§ DATASET EXTRACT
****************
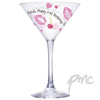 Personalised Lips & Cherry Cocktail Glass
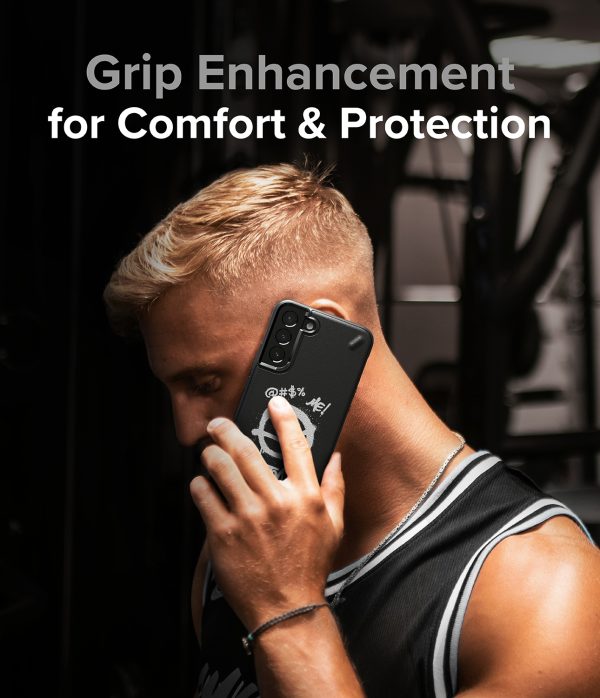 Izturīgs korpuss Galaxy S22+ Onyx Design X Black Case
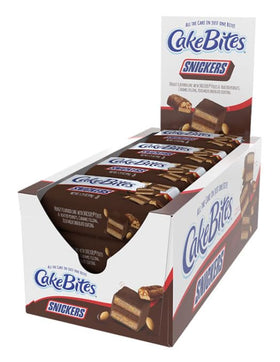 Cookies United Cakebites Snickers pack for on-the-go indulgence and shared smiles.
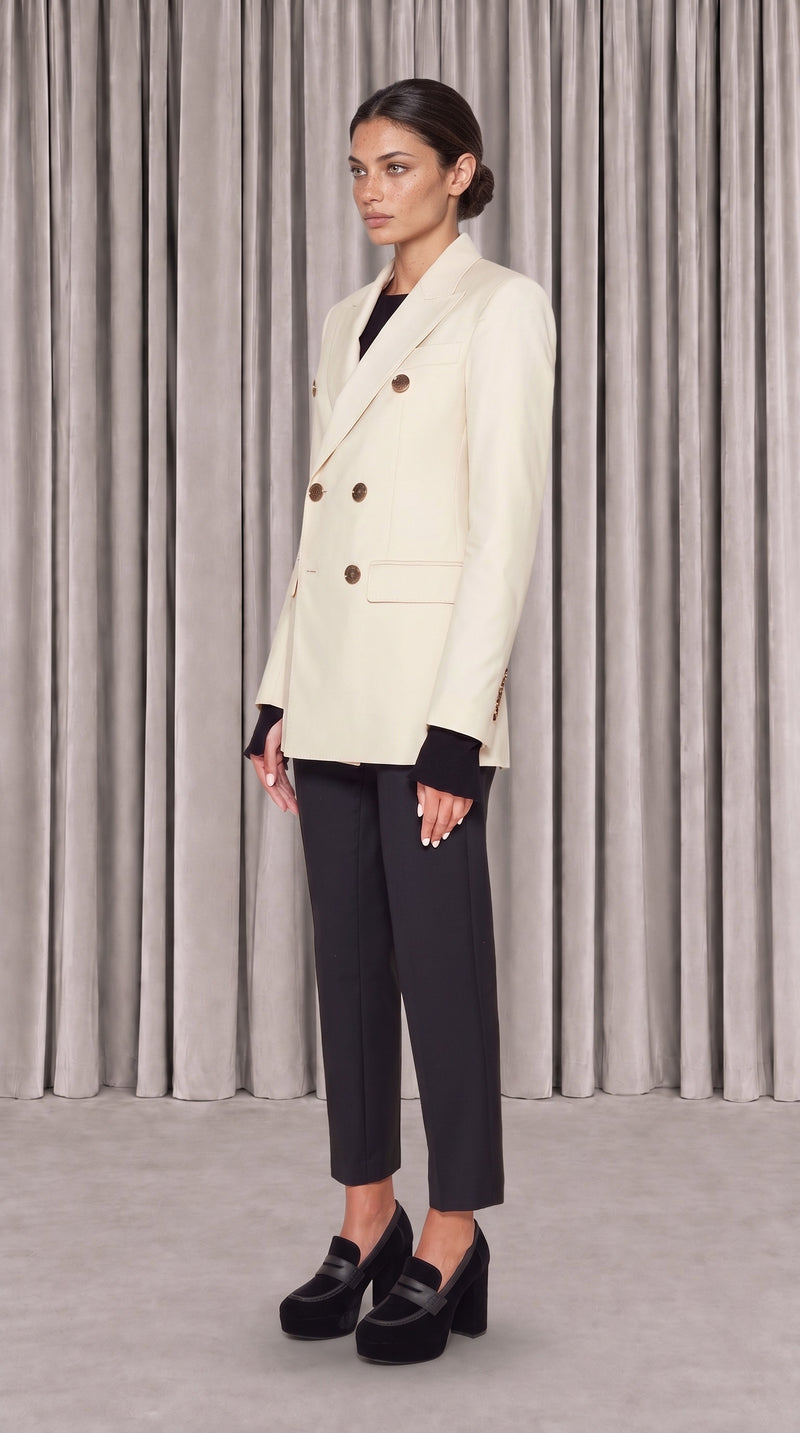 Michael Jacket Women Ivory, side view – POAN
****************
All that is needed here is the run of lines from the one containing "Izturīgs korpuss Galaxy" through the end of the material above, reproduced exactly and without pictures.

 Izturīgs korpuss Galaxy S22+ Onyx Design X Black Case
 Cookies United Cakebites Snickers pack for on-the-go indulgence and shared smiles.
 Michael Jacket Women Ivory, side view – POAN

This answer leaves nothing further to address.